Joining tables from two different postgresql

@bilallodhi welcome to the KNIME forum.

Question is what does that mean. If you can access them both by the same DB connector you might just use the DB Joiner – KNIME Community Hub node which in effect will create a SQL view. You can combine several DB (database) nodes so that the operation will be done on the database.

I do not think that a join using streaming is possible since the machine would not know which other possible values would be there. But that might depend on your actual data and what kind of databases we are talking about. Performance might also be influenced by things like indices (if they are being used).

In general it most often does make sense to do the larger database tasks on the DB. With big data operations my experience is that sometimes it can make sense to use temporary tables and do more complex operations in steps - while other databases (think Oracle) might have the option to optimise (nested) queries by themselves.

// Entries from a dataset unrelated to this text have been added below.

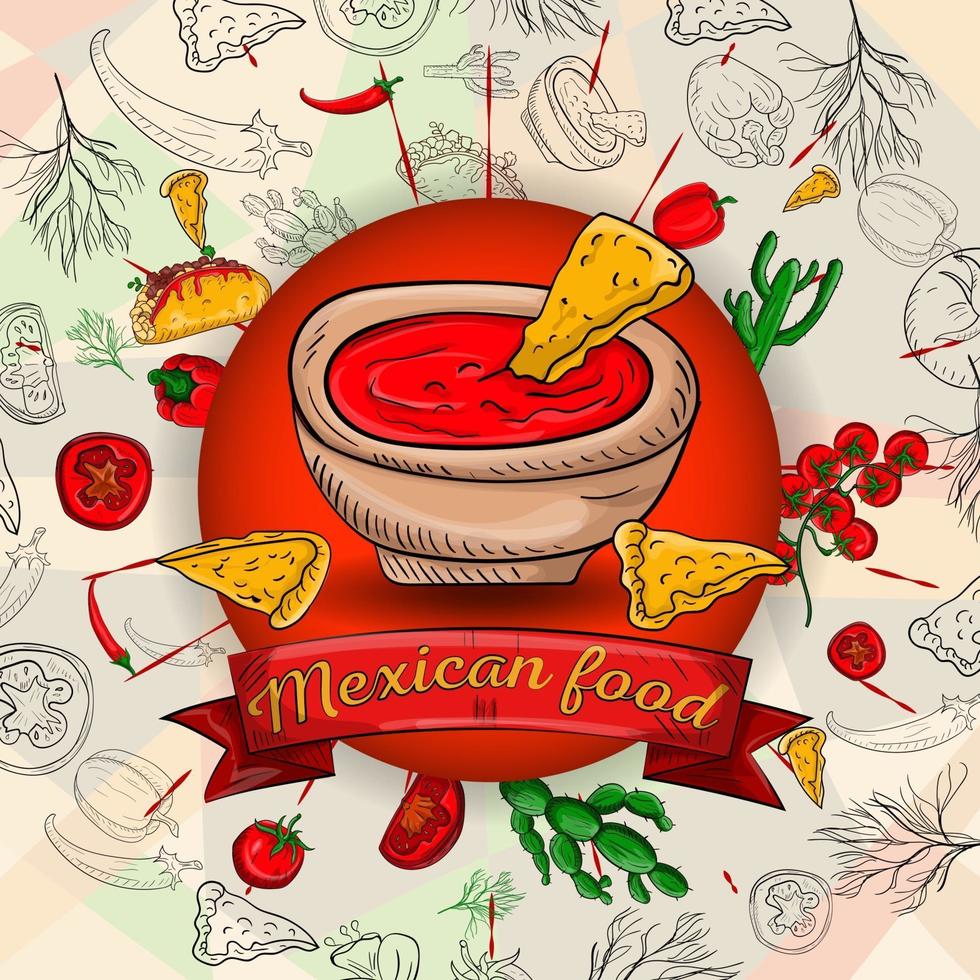 Abbildung 1 von mexikanischen Kochprodukten in einem kreisförmigen Ornament aus Umrissen und farbigen Zutaten für Hintergründe und Aufkleber vektor
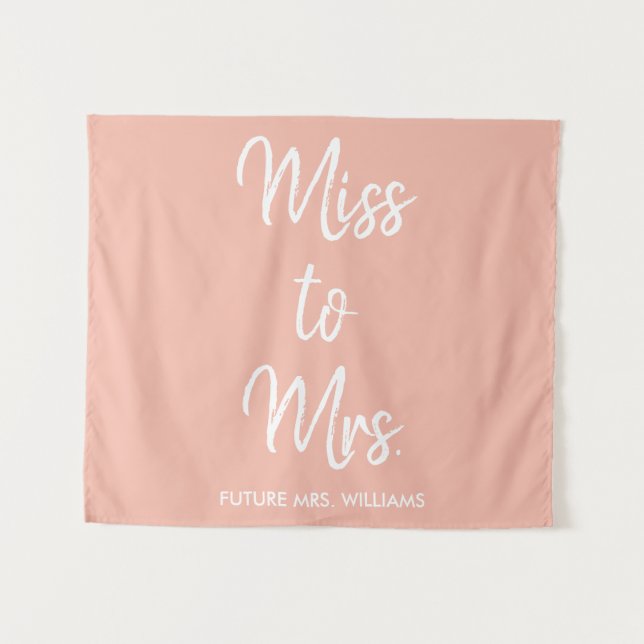Future Mrs Backdrop Peach Bridal Shower Photobooth Tapestry (Front (Horizontal))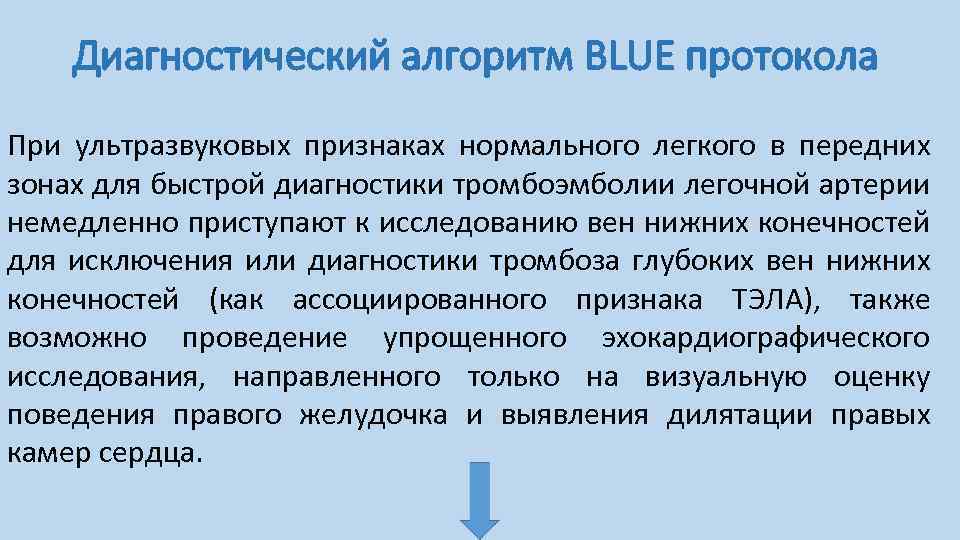 Диагностический алгоритм BLUE протокола При ультразвуковых признаках нормального легкого в передних зонах для быстрой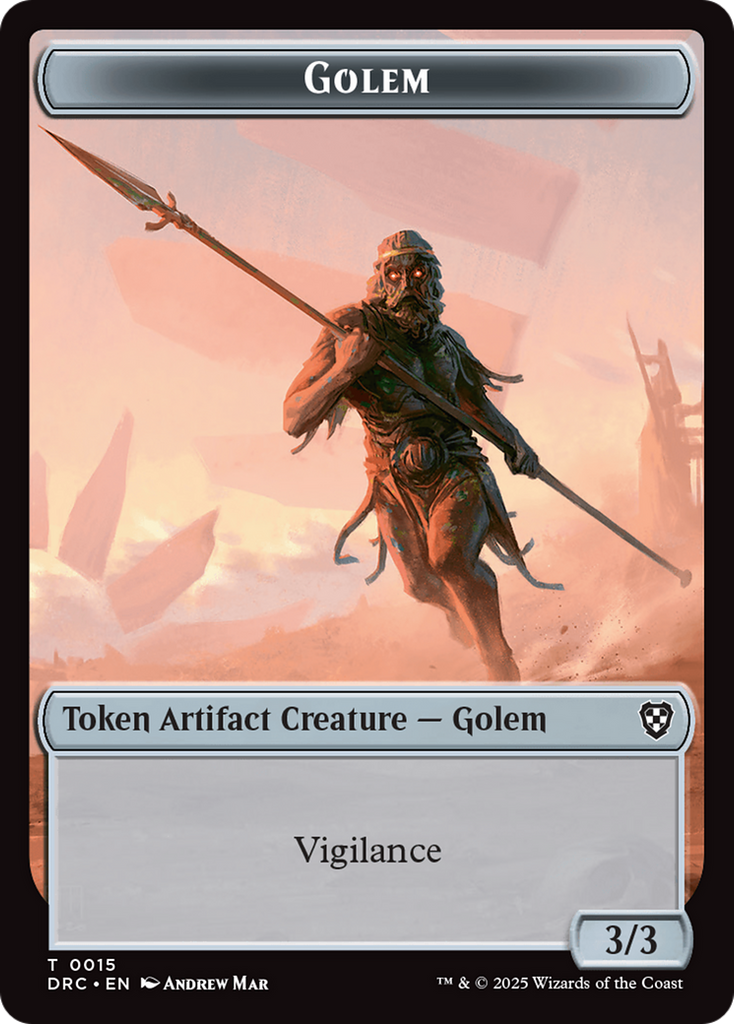 Magic: The Gathering - Golem Token - Aetherdrift Commander Tokens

I think you might have to provide us with some more informations and maybe also talk to someone in or organisation who would know about performance tweaking in your database system.

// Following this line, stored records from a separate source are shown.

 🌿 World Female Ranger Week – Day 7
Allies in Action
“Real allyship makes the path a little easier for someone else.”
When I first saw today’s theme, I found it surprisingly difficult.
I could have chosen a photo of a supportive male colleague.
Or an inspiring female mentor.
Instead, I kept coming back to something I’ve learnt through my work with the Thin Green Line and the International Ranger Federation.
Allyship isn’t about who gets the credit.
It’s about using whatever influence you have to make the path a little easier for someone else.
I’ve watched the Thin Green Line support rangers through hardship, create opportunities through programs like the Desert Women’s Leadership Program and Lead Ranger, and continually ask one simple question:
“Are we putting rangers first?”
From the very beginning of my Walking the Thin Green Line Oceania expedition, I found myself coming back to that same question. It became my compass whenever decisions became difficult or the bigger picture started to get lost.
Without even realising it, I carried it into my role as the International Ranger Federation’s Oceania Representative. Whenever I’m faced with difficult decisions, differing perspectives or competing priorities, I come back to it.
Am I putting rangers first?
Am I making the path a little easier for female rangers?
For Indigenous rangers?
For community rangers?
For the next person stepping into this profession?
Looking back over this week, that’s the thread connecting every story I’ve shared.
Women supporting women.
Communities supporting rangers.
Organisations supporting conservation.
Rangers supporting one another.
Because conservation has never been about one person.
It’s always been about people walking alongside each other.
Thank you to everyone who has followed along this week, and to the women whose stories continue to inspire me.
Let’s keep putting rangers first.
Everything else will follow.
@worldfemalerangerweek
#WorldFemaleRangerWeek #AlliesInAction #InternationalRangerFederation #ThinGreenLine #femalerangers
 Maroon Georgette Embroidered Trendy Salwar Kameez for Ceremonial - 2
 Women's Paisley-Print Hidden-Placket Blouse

If 5 or 7 million lines are large very much depends on the nature of the data :slight_smile: just considering the number of lines a strong machine might be able to do that with a KNIME installation :slight_smile: - depending on the complexity of the join.

Another thing to think about might be to do it in chunks and store the intermediate results (on a local machine Parquet would be a format that would be able to easily append intermediate results - also on a big data system). That again very much depends on the scenario.

4 Likes